MM : « Bonjour M. l’assureur…j’ai heurté… un lama.
A : QUOI ? Madame, vous ne trouvez pas que vous commencez à exagérer ? Le héron, le chevreuil et une semaine plus tard un lama !Vous étiez en Amérique du Sud ?
MM : Non, il y a un élevage près de Saint-Césaire… J’ai eu juste une petite poque.
A : Madame, vos histoires commencent à être invraisemblables. Ralentissez, on dirait que vous chassez les primes. »
Elle a eu chaud, mais quel plaisir elle avait à nous décrire la tête de l’assureur. Elle pouvait être plusieurs minutes à essayer de nous raconter la scène, tordue de fous rires, incapable de prononcer un mot sans éclater. Son assureur avait sans doute reçu un plus grand choc que le lama.
MM : « Bonjour M. l’assureur.
A : Encore vous !
MM : J’ai…
A : Ah non ! Non, non, non. C’est quoi maintenant ? C’est l’éléphant ? Le seul éléphant du zoo de Granby s’est échappé et vous avez réussi à le frapper ?
MM : Mais…
A : Non, j’en ai assez de vos histoires », hurla-t-il.
La dernière rencontre n’existe pas. C’est pour rire, mais ce n’est pas si drôle. Mon intention n’est pas de comparer les assureurs à la classe moyenne, mais pour plusieurs, le premier et espérons le dernier budget Bachand, a eu l’effet d’un pachyderme dans le pare-brise. Les dégâts de l’éléphant ne sont même pas si ravageurs. Un lama, un chevreuil et un héron étaient passés par là avant. Le gouvernement Charest nous sert un peu la même salade. C’est avec persistance qu’il s’acharne sur ceux qui paient le plus de taxes et d’impôts proportionnellement à leurs revenus. Au fil du temps, ils oublient la récurrence de projets comme le Suroît, les hausses de tarifs de tout l’appareil public malgré les promesses de gel, les scandales à répétition – construction, garderies, écoles confessionnelles, accommodements raisonnables, nomination des juges, financement des partis – le parc du mont Orford, les crises comme celle de la listériose, H1N1, les urgences, etc… Ils réagissent un peu, le temps passe et voilà Charest avec une majorité. Le prochain gouvernement sera certainement libéral.

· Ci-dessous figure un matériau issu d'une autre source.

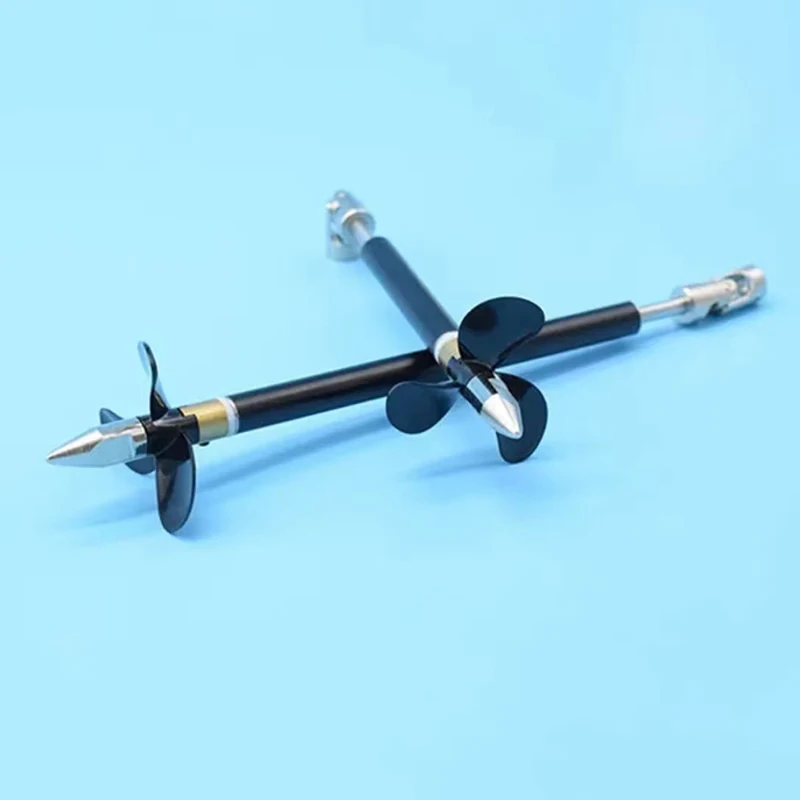 Rc Boot 304 Edelstahl 4 mm Bootswelle Antriebswelle + Kardanverbindung + 3 Klingen Propeller + Propelmutterdichtung/Set – Detail 4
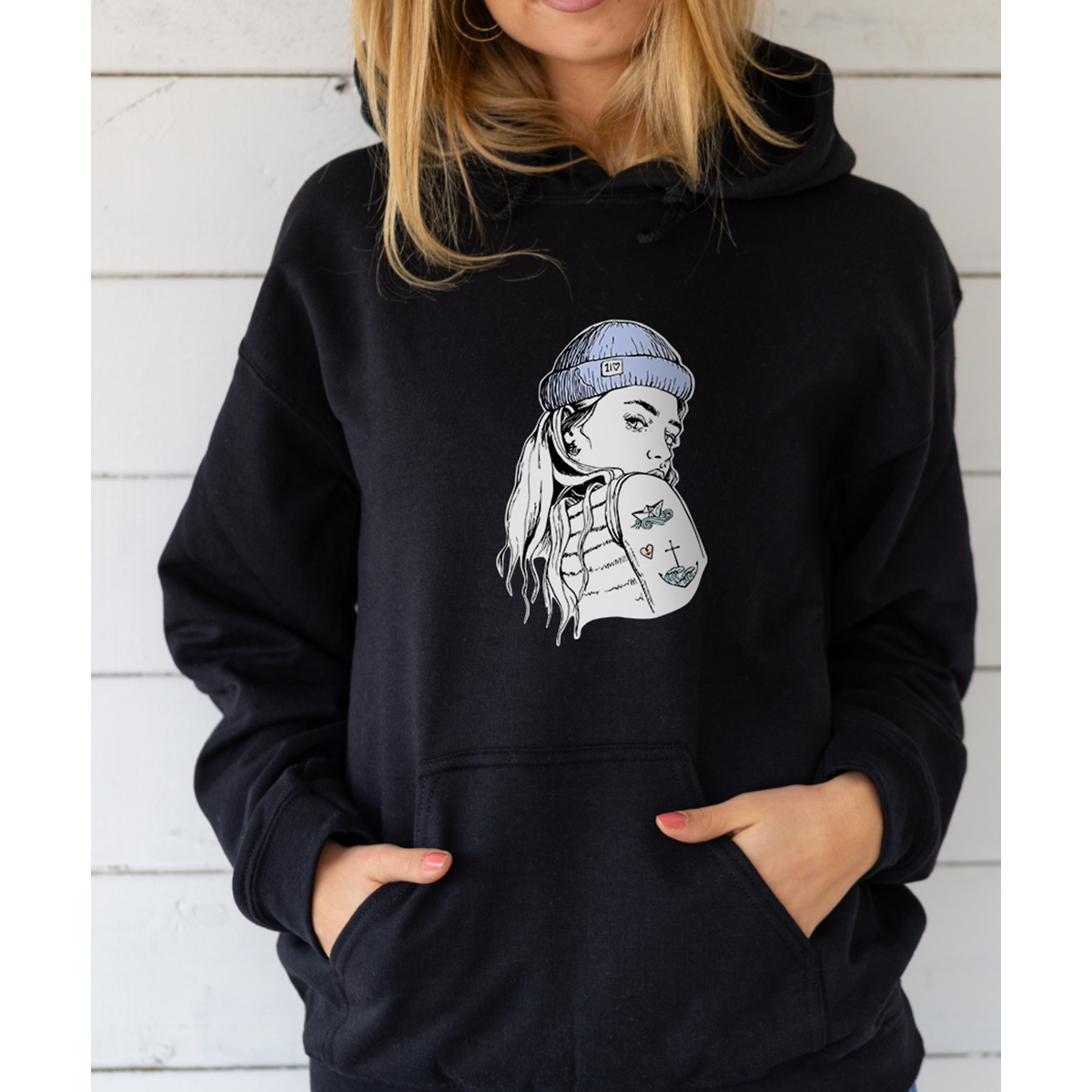 Unisex Hoodie Seagirl – Meerzeit für Herzensmenschen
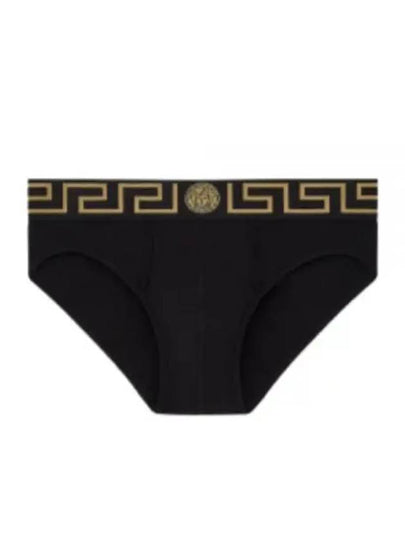 Greca Border Briefs Black - VERSACE - BALAAN 2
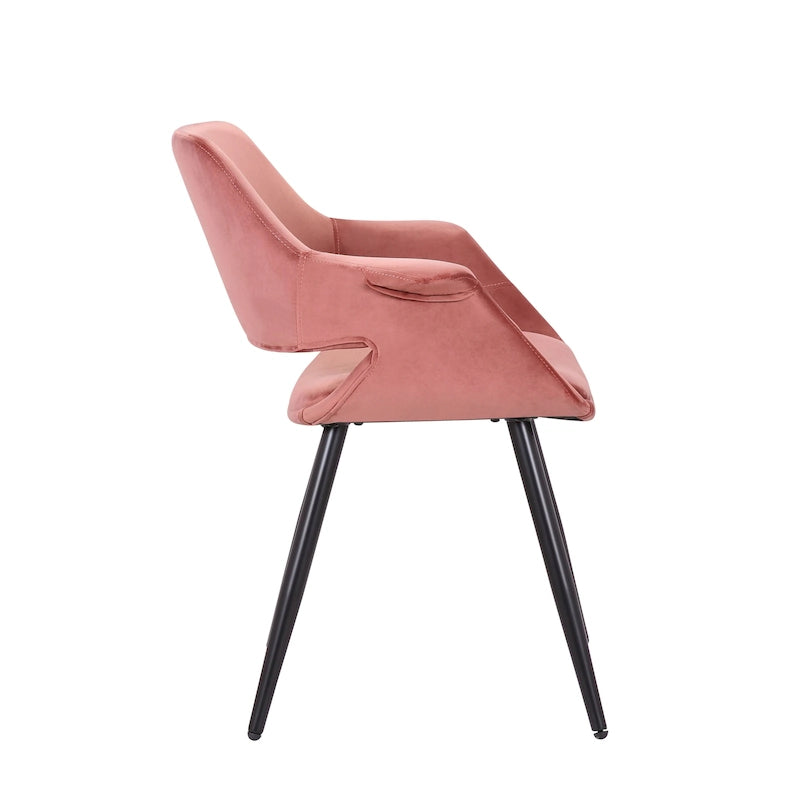 Velvet Mid-century Dining Chair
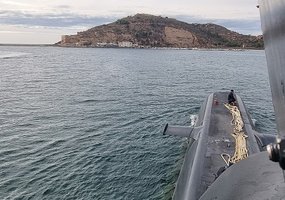 Pirmoji Karinių jūrų pajėgų karininkė baigė Povandeninio laivo operacinių gebėjimų kursą - 1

Le plus indécent, c’est qu’il rigole bien de notre gueule. « Le gouvernement fait 62 % des efforts » qu’on nous dit dans de belles publicités pleine page dans nos journaux. La classe moyenne s’en fout que le gouvernement fasse des efforts, c’est encore elle qui va écoper avec la baisse des services. Les riches auront toujours les moyens de se payer du privé en éducation ou en santé.
Pire encore, c’est d’entendre à chaque conférence de presse, les ministres se gargariser : « Nous sommes très fiers du budget ». Bien sûr, les contributeurs du parti sont épargnés. À moins qu’ils s’étouffent, ou… que ma mère passe par là.